Can you read and keep track of details?
If so this is a read you could enjoy.
You can jump to the end and get the ending, but you will not know how the court arrived there.
This case will take you back through common law to Roman law and beyond to arrive at it's conclusion.
Enjoy!
That was said In Dicta and not part of the decision.
I’ve read the entire case....holding and dissent.
Pretty dam% dry and unforunately not significant whatsoever in being determinate one way or another on Cruz’s eligibility.
So, was that considered, “natural born?”
No, we're all a bunch of retards that need you to explain things to us.
Do you like suprise (sic) endings?
I like surprise ending so surprise me, just do it early it the thread.
âWhat does it mean to be a natural born citizen?
Most legal experts contend it means someone is a citizen from birth and doesn’t have to go through a naturalization process to become a citizen.
If that’s the definition, then Cruz is a natural born citizen by being born to an American mother and having her citizenship at birth. The Congressional Research Service, the agency tasked with providing authoritative research to all members of Congress, published a report after the 2008 election supporting the thinking that a ‘natural born’ citizenship means citizenship held at birth.
There are many legal and historical precedents to strongly back up this argument, experts have said.
Those precedents were the subject of a recent op-ed in the Harvard Law Review by two former solicitor generals of opposing parties, Neal Katyal and Paul Clement, who worked for Presidents Barack Obama and George W. Bush, respectively. They wrote that ‘natural born’ had a longstanding definition dating back to colonial times.
British common law recognized that children born outside of the British Empire remained subjects, and were described by law as natural born, Katyal and Clement wrote.

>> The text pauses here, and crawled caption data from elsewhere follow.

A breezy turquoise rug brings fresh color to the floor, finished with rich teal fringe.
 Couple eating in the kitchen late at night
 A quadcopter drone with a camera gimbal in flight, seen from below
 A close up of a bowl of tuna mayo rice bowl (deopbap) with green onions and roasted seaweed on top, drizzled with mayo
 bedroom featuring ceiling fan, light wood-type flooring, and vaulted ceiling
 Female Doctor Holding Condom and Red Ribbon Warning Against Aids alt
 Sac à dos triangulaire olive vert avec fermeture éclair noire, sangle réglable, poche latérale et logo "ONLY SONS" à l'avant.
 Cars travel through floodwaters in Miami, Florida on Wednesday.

The framers, of course, would have been intimately familiar with these statutes and the way they used terms like natural born, since the (British) statutes were binding law in the colonies before the Revolutionary War, they said.
Additionally, the first Congress of the United States passed the Naturalization Act of 1790, just three years after the Constitution was written, which stated that children born abroad to U.S. citizens were, too, natural born citizens. Many members of the inaugural Congress were also authors of the Constitution.â
“The U.S. recognizes citizenship according to two fundamental principles: jus soli (right of birthplace), and jus sanguinis (right of blood). Under jus soli, a person receives American citizenship by virtue of being born in the United States. By contrast, jus sanguinis confers citizenship on those born to at least one U.S. citizen anywhere in the world. A person who does not qualify under either of these principles may seek U.S. citizenship through the process of naturalization.”

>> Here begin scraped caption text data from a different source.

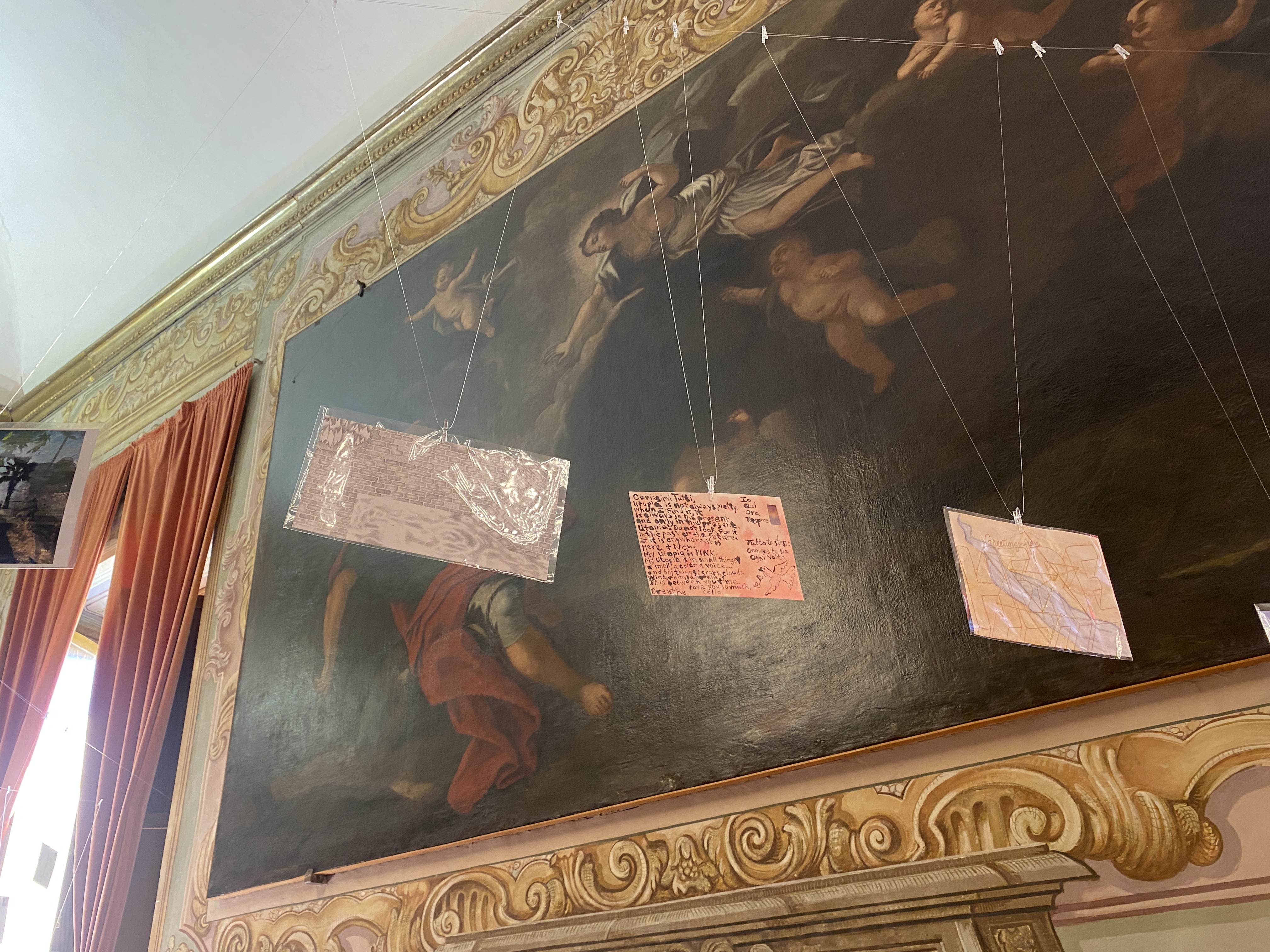 Postcards hanging in the Palazzo Gallio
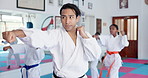 Children, learning karate and training with instructor for fight, fitness or self defense class. Students, teacher and people practice martial arts for kick, punch or kids exercise for lesson in dojo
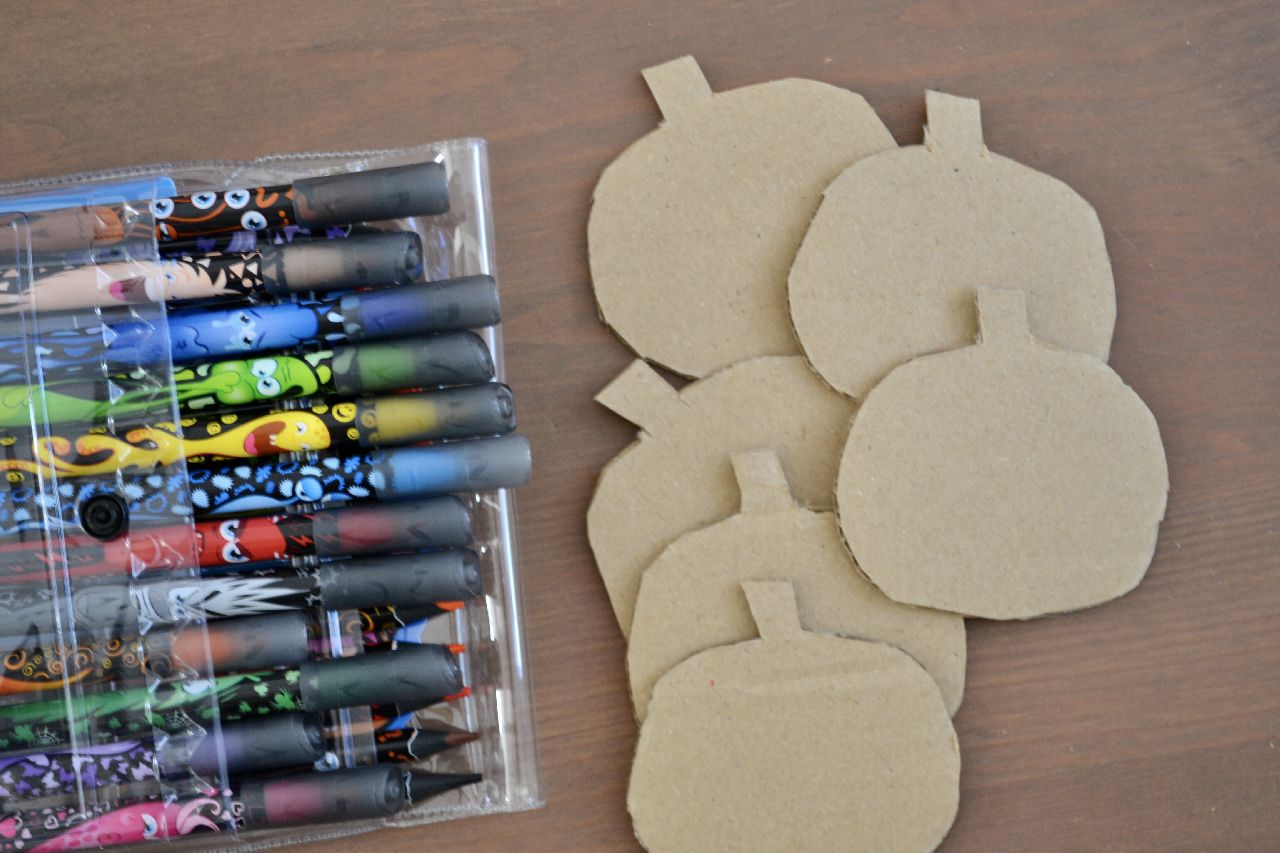 A pile of pumpkin shapes cut out from card laying next to some felt tip pens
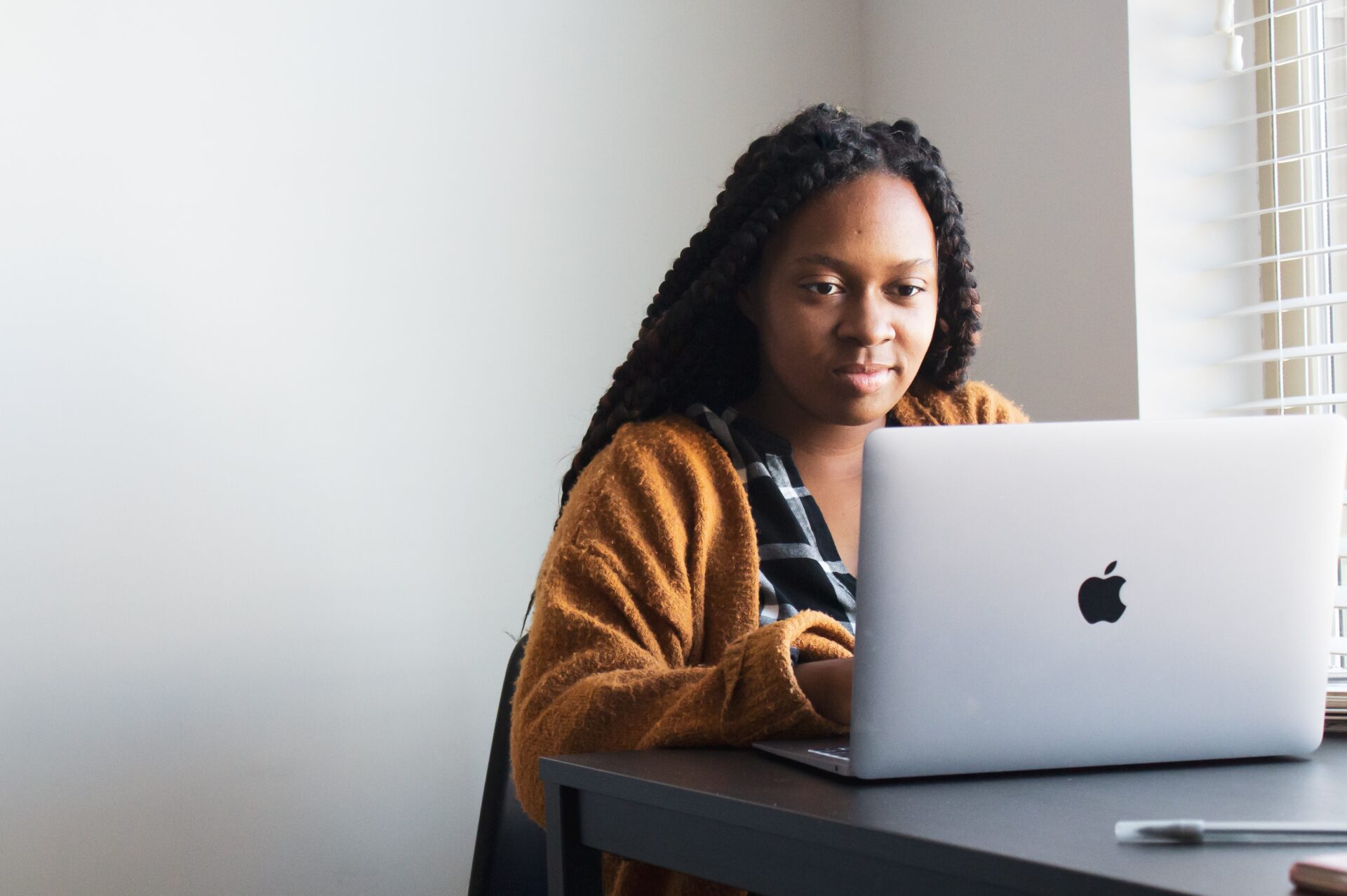 Female African student in a yellow cardigan typing on a laptop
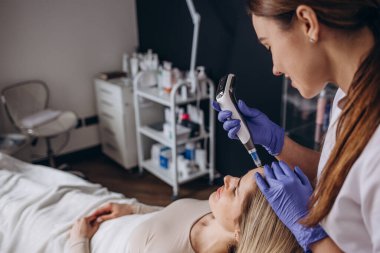 Kozmetik uzmanının spa merkezinde gençleşmek için yüzüne dermapen enjekte ettiği bir iğne..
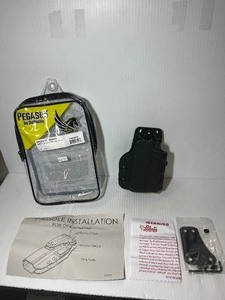 lot 1303 image: Pegasus Holster, Cazzuto (right) GGlock 45 with nightstick TCM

It was included in the final of “United States v. Wong Kim Ark, 169 U.S. 649 (1898)” and is a part of the story of the case. That is what counts here.
That paragraph does not appear in the case. Do you have a cite for that paragraph?
But let me think about it a little more. Everyone knew Washington would be President so I would look at his status first.
Does not apply to Cruz.
CITIZEN and NATURAL BORN CITIZEN ARE TWO DIFFERENT THINGS. Cruz was NOT born in the United States.
His parents WERE NOT RESIDENT in the US at the time of his birth.
BOTH if his parents were NOT US Citizens at the time of his birth.
A tree is a plant, but not all plants are trees.
Jefferson was quite explicit on the matter of citizenship.
George Washington, John Jay, Benjamin Franklin ALL note the dependence on Vattel’s Law of Nations during their deliberations on Framing the Constitution.
That does not mean it doesn't exist.
this was without a doubt the worst reasoned and worst supported decision the Supreme Court ever made.
The dissent is interesting, though.
Speak for yourself.
Actually arguments used in the justification of a ruling are NOT determinate of anything.
They are no more significant than a legal footnote in their ramifications.
Blabbered about inconsequentially.
Is every opinion of the Supreme Court infallible?